Sharded Is Not Distributed: What You Should Know When PostgreSQL Is Not Enough

4 days ago 1

One year ago, we published the post “When PostgreSQL is not enough: PostgreSQL vs distributed system performance comparison”. PostgreSQL showed exceptional performance in scenarios where service availability and data durability were not a priority. We called this configuration “fault-intolerant but extremely performant PostgreSQL.” However, performance drops significantly once write-ahead logging (WAL) and replication are enabled. Replication can become a bottleneck, limiting the system‘s ability to scale vertically. According to the TPC-C benchmark results, the “fault-tolerant PostgreSQL” configuration is only 5% faster than YDB in terms of throughput (tpmC) and suffers from much higher latency.

Naturally, we expected most of the discussion to focus on PostgreSQL tuning, benchmark design, and our comparison methodology. Instead, the most heated debate centered on our claim that PostgreSQL scales only vertically and that solutions like Citus don’t offer full ACID guarantees for multi-shard (i.e., distributed) transactions.

This is due to certain misconceptions and myths that surround sharding, two-phase commit (2PC), and distributed transactions. For example, it may be counterintuitive that 2PC guarantees transaction atomicity but not isolation. That’s why we’ve written this follow-up to help readers dig deeper into these topics and make informed decisions when PostgreSQL is not enough.

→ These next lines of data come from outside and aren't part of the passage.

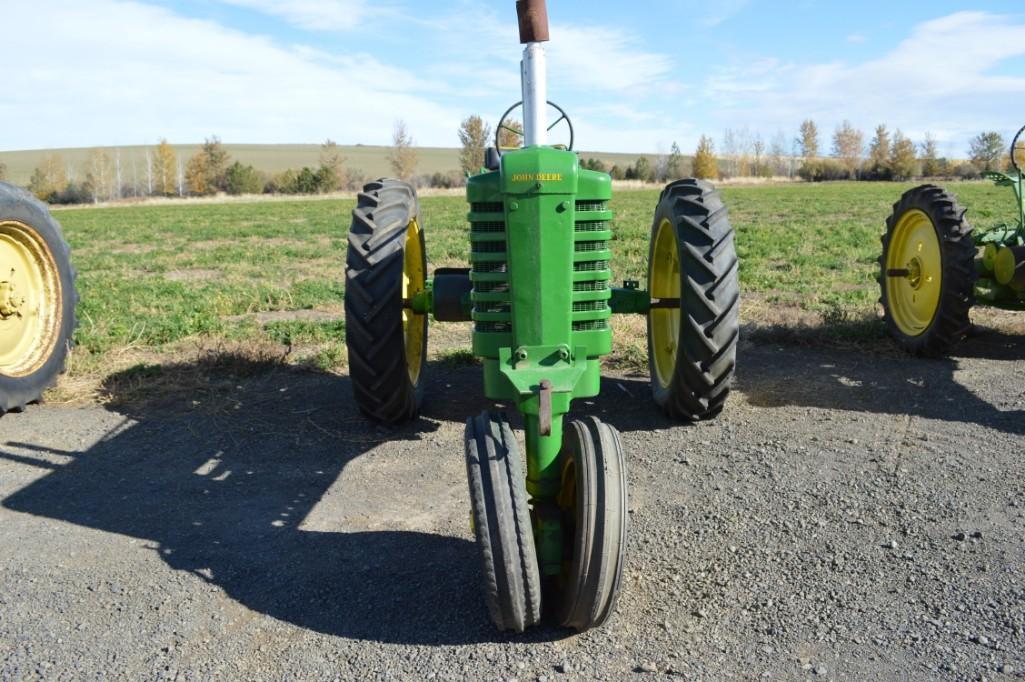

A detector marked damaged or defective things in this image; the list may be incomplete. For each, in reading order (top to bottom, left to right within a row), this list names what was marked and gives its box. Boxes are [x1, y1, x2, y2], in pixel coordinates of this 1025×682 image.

rusty pipe top [516, 0, 549, 43]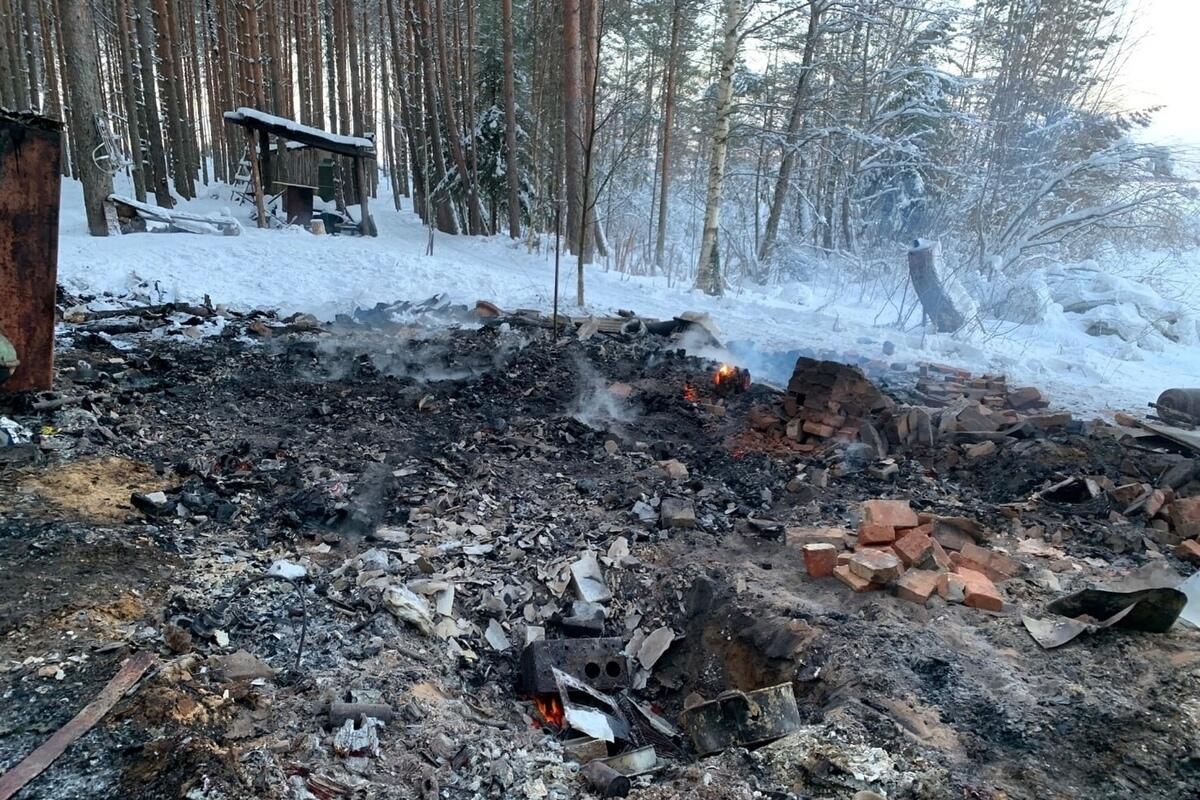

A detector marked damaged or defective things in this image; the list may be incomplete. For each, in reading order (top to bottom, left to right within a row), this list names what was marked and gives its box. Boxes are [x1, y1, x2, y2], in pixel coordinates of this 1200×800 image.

rusty metal container [0, 108, 62, 391]
rusted metal wall [0, 110, 63, 393]
broken brick [864, 501, 916, 532]
broken brick [859, 522, 897, 546]
burned debris field [2, 302, 1200, 800]
broken brick [801, 544, 840, 575]
broken brick [835, 566, 883, 592]
broken brick [844, 551, 902, 582]
broken brick [897, 532, 931, 568]
broken brick [897, 573, 940, 604]
broken brick [955, 568, 1003, 614]
broken brick [1171, 537, 1200, 563]
rusty metal container [681, 681, 801, 758]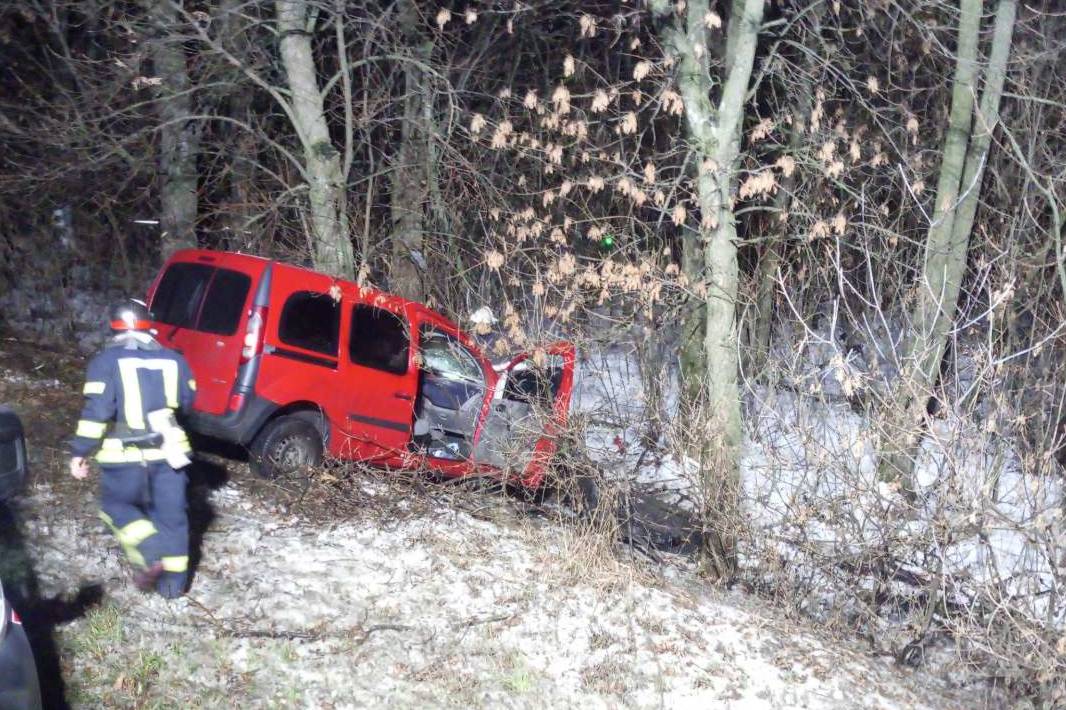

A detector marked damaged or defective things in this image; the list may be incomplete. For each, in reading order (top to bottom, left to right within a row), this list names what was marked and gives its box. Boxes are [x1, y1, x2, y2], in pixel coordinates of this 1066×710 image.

crashed red van [146, 248, 575, 486]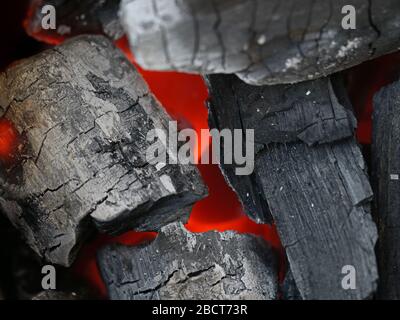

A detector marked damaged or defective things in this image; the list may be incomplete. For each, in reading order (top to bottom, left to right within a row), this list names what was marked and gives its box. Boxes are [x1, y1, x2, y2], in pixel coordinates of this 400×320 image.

charred wood fragment [25, 0, 122, 41]
charred wood fragment [0, 35, 206, 266]
charred wood fragment [97, 222, 278, 300]
charred wood fragment [120, 0, 400, 85]
charred wood fragment [208, 74, 380, 298]
charred wood fragment [374, 80, 400, 300]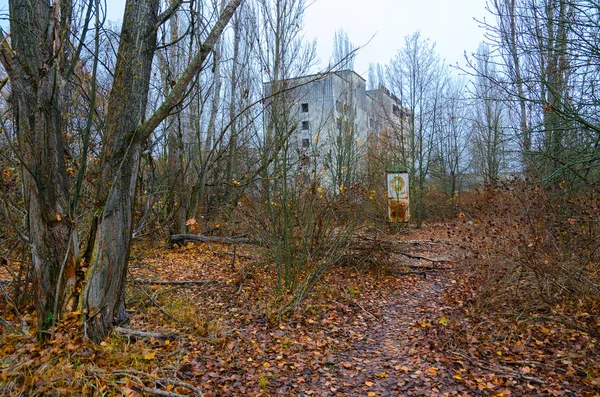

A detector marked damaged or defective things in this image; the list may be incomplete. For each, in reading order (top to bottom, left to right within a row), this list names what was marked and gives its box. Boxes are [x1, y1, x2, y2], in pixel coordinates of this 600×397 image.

rusty metal sign [386, 166, 410, 223]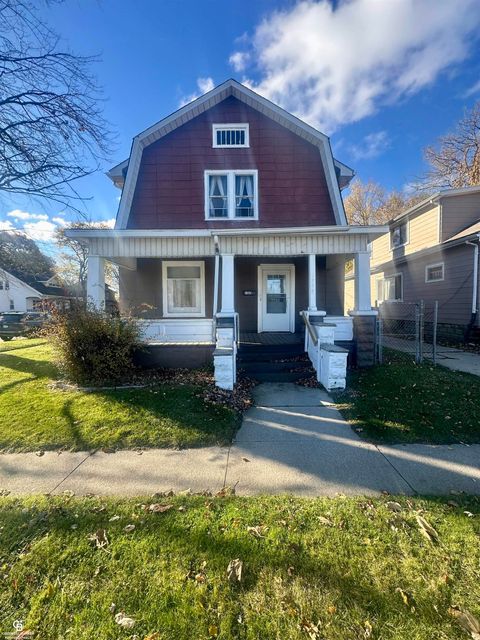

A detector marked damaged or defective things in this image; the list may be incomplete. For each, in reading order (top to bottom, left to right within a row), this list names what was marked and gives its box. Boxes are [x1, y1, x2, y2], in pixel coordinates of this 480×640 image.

sidewalk crack [49, 450, 94, 496]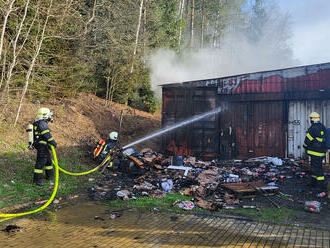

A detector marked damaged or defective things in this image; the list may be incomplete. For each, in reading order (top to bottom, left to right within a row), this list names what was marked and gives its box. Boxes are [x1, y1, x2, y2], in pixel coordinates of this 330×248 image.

rusty container wall [218, 100, 284, 158]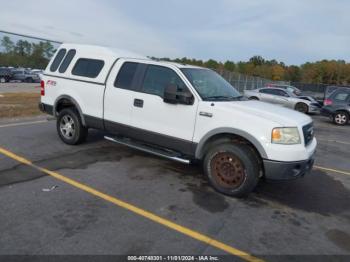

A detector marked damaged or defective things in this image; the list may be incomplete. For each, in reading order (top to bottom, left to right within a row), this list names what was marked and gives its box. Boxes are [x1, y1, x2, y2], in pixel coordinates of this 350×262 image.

rusty wheel [211, 152, 246, 189]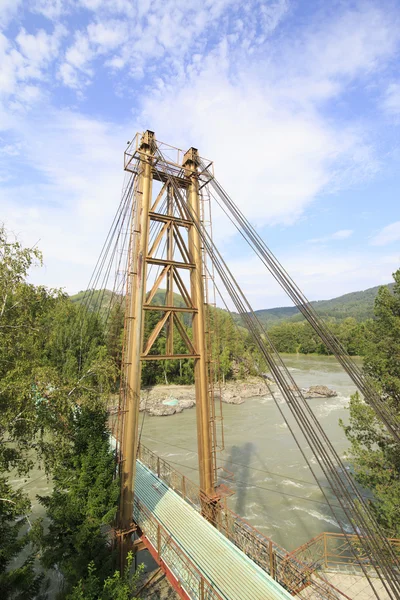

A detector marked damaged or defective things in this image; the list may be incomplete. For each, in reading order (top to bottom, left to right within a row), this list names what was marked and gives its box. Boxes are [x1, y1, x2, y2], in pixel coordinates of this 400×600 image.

rusty suspension bridge [87, 132, 400, 600]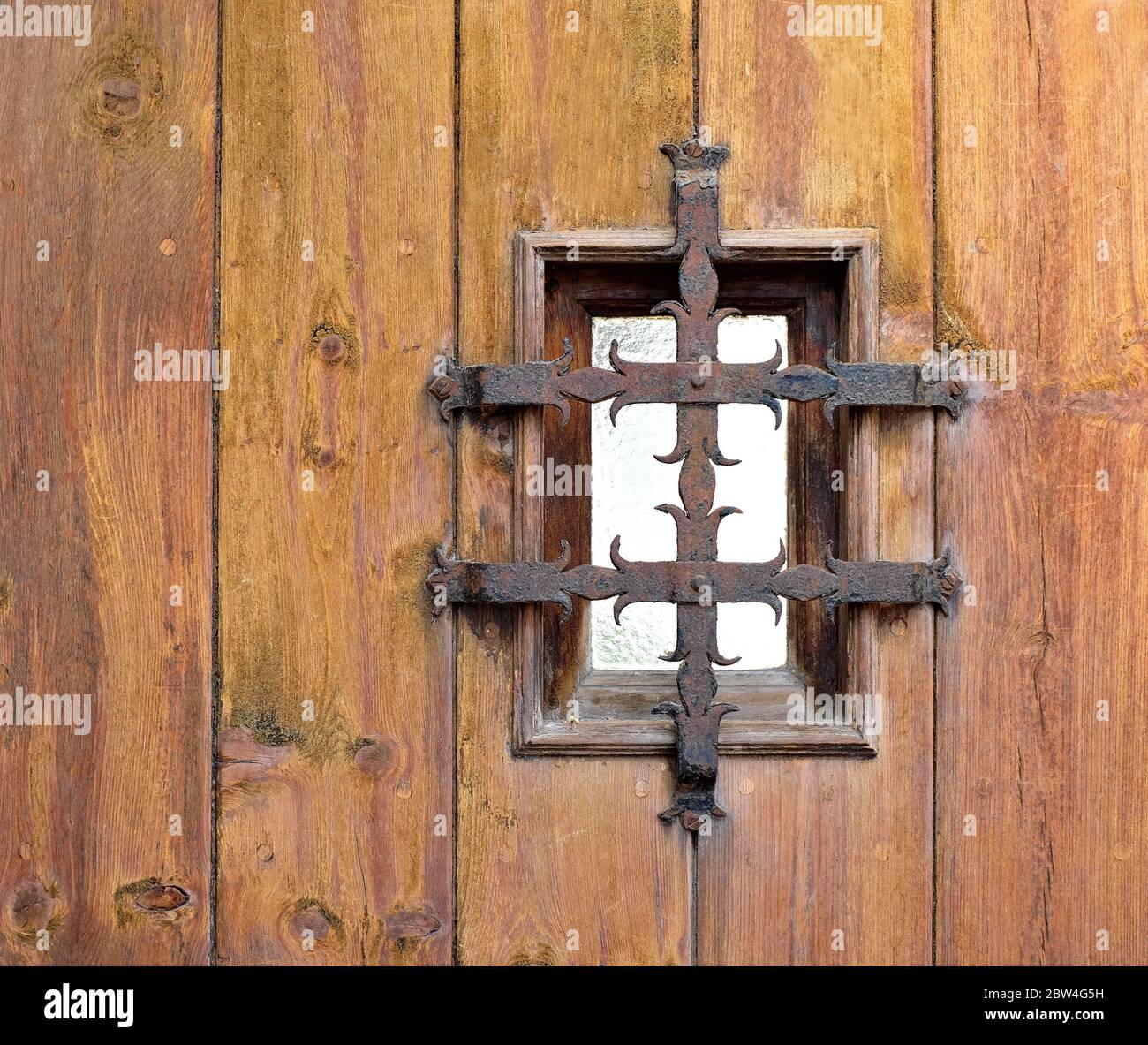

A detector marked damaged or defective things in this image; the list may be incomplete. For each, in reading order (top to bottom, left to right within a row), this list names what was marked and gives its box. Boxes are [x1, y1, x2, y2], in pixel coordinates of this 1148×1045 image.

rusted iron grille [427, 139, 964, 831]
rusty metal bracket [427, 142, 964, 840]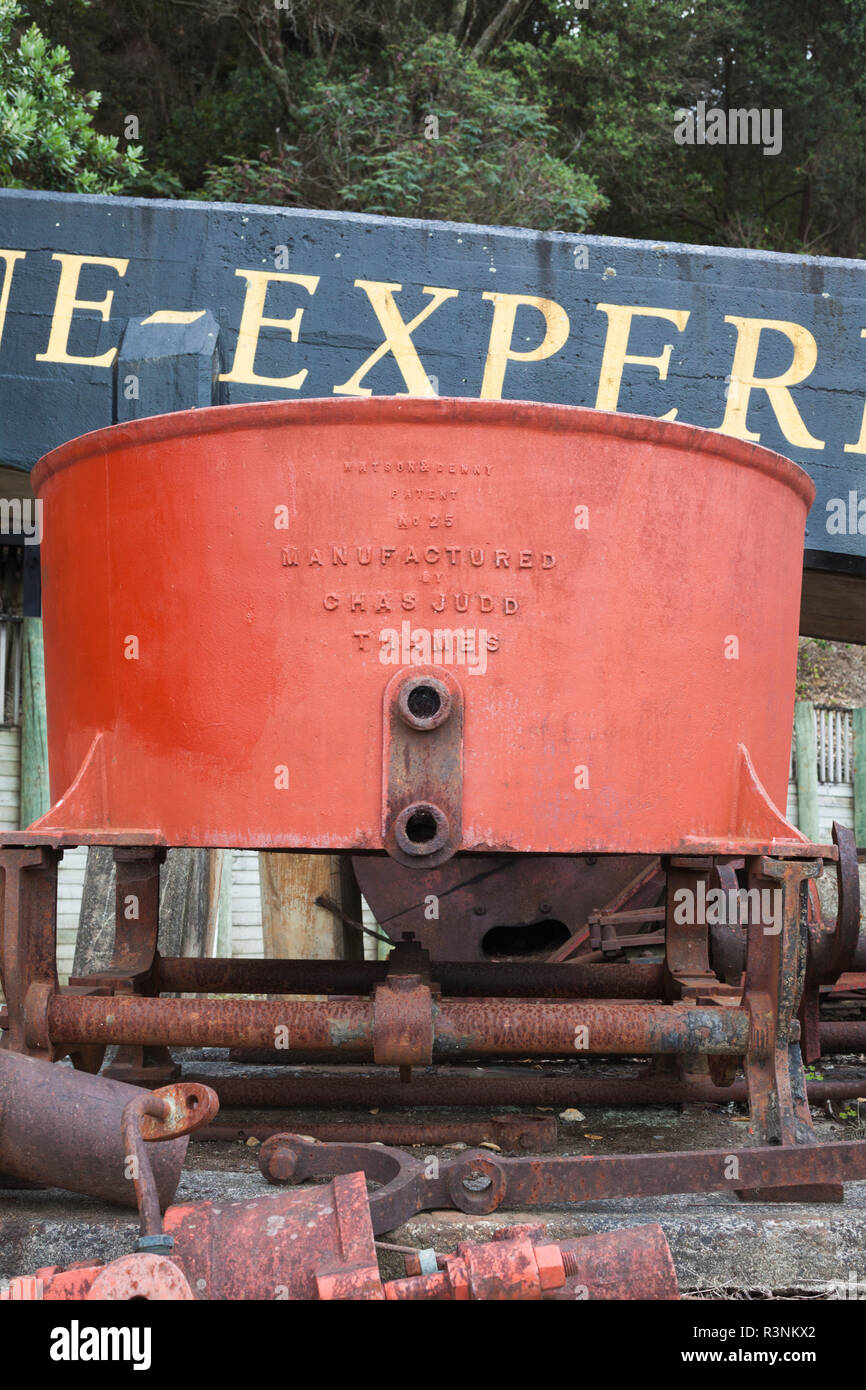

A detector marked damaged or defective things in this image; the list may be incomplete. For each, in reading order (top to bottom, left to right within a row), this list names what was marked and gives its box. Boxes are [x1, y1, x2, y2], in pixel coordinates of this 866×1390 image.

rusted axle [49, 996, 748, 1064]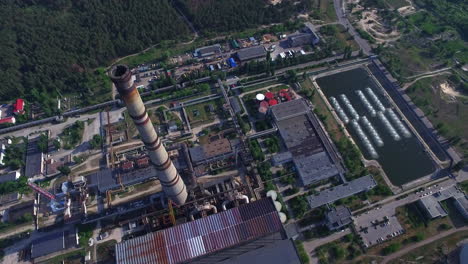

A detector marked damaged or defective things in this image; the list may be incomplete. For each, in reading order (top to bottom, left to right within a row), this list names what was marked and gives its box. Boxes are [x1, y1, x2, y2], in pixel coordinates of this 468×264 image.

rusty metal roof [115, 198, 282, 264]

Most PostgreSQL sharding solutions are based on a straightforward idea: instead of a single PostgreSQL server, multiple servers are deployed, and each server is responsible for a range of table keys. Key-to-range mapping is handled by a special coordination layer, which becomes a new entry point for user requests. This coordination layer can be server-side (Citus-like solutions) or implemented as part of a client application. It’s worth noting that the PostgreSQL instances in such a setup do not know about each other and do not communicate in any way.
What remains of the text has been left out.